Minding Ag's Business

Profitability Pressures Kansas Land Values

Since 2014, USDA says the value of irrigated farmland in Kansas declined 13.1%, non-irrigated land dropped 13% and pastureland values fell 7.9%.

Kansas farmland prices continue to march steadily downward, and there's little in the economic forecast to reverse the trend.

"All of the numbers are pointing down, but it’s not falling off a cliff," Kansas State University farm management specialist Mykel Taylor said about near-term price movements in a press release. The USDA said overall values to declined 3.9% to an average of $1,970 per acre last year, and that trend is likely to continue.

Kansas is a non-disclosure state, so Taylor uses data from the Kansas Property Valuation Division of the state's revenue department to make her estimates, which show sharper declines than data used by USDA's National Agricultural Statistics Service. For example, USDA says that since 2014, irrigated land prices have fallen 13.1%; dryland values, 13%; and pasture values, 7.9%. Taylor's data suggests it's more like 17.4% for irrigated, 19% for dryland and 21.4% for pastureland. She says those trends are likely to continue.

"It will more likely be a slow, steady decline that appears to be in line with negative profitability in the cropping sector," Taylor said.

Kansas State's crop budgets paint a bleak picture, with forecasted losses ranging from $63 per acre to more than $150 per acre depending on the location and production practice and based on price forecasts in October (https://www.agmanager.info/…). After wheat prices dropped so low last year that farmers dusted off the LDP playbook and average net farm incomes fell into negative territory in some parts of the state, farmers are turning to cotton, sorghum and even oats to add diversity and, hopefully, boost profit potential.

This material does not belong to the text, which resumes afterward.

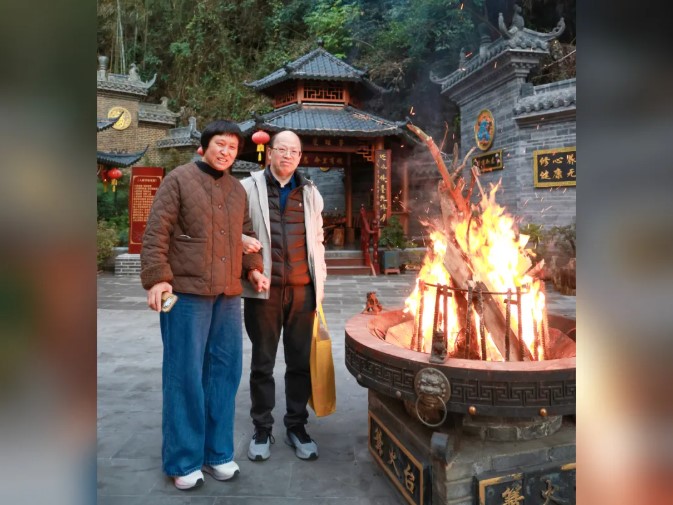 1773559622329107.jpg 屏幕截圖 2026-03-15 152615.jpg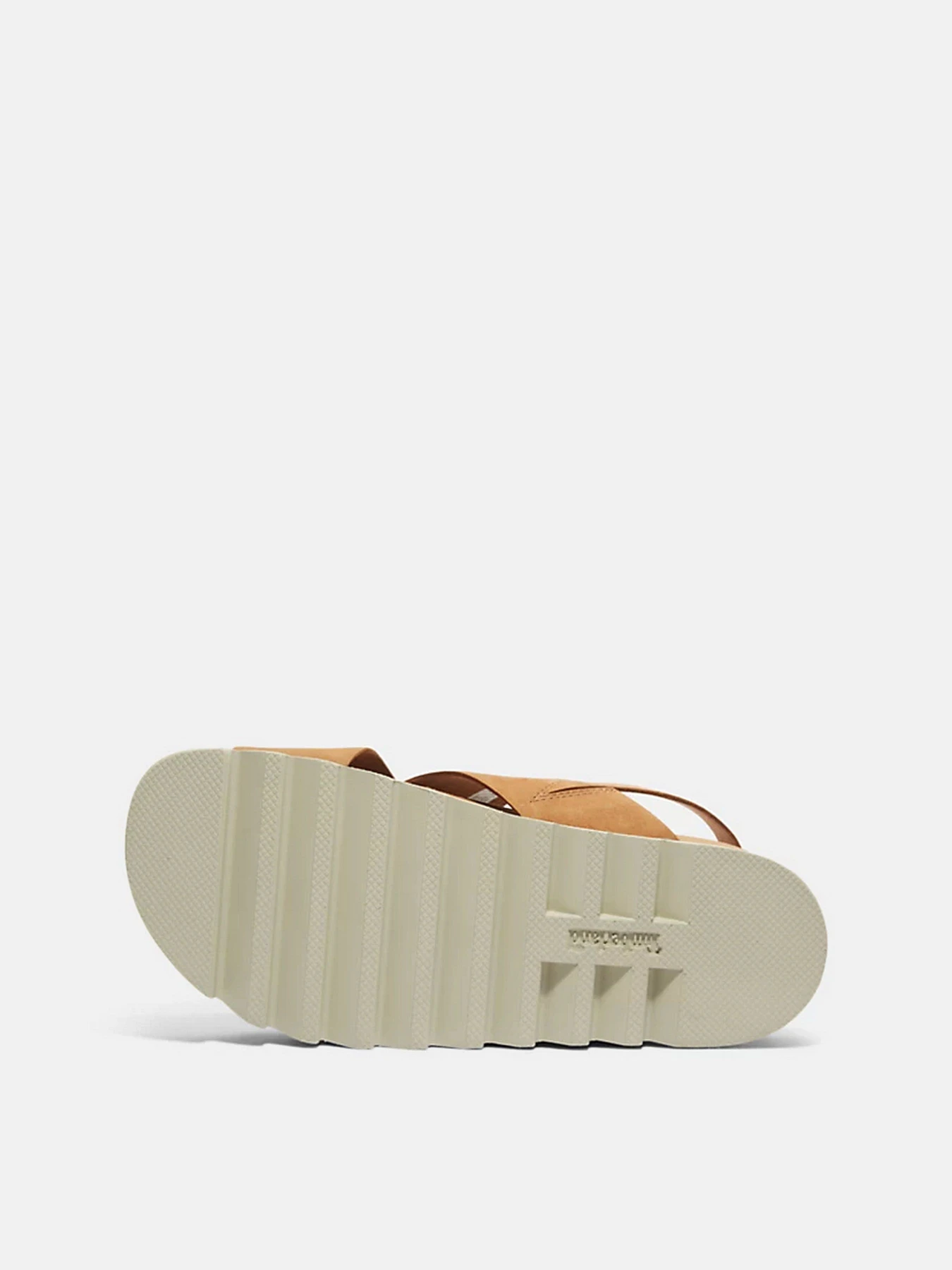 Сандалии Timberland модель TB0A26C8A68 Фото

Twenty-five Kansas farmers filed for bankruptcy in 2017, up from 21 the previous years. Taylor says it pales in comparison to the 1980s farm crisis: 265 farmers filed for bankruptcy in 1987 alone. According to a report from CoBank earlier this year, the number of the Chapter 12 bankruptcies, which allow farmers to stop debt collection and restructure their payments, topped 500 nationwide.

"Wheat and dairy producers are among the hardest hit in this down cycle, as evidenced by an increase in Chapter 12 bankruptcy filings in Kansas and Wisconsin," the report stated (http://www.cobank.com/…). Taylor said farmers who pursued an aggressive growth strategy during the 2008-to-2013 boom and bought a lot of land are the most financially vulnerable, along with younger farmers and ranchers who rent more ground than they own.

The number of bankruptcies could continue to grow. All but 3% of the state is experiencing some form of drought, with the most severe conditions in southwest Kansas, and nearly half of the winter wheat crop is rated in poor to very poor condition.

Cobank's report says Chapter 12 bankruptcies are the highest since 2012 -- the year of the last major drought -- and it expects new filings to accelerate in 2018 unless there's "a major upward correction in farm gate prices." Banks can't force farmers to liquidate their land in Chapter 12 bankruptcies, but only farmers that want to stay in business will go that route. The tough economic conditions could force more farmers, especially those without heirs or heirs that don't want to farm, into retirement. If they choose to sell their land base instead of rent it out, it could put additional pressure on farmland values, especially on a local level.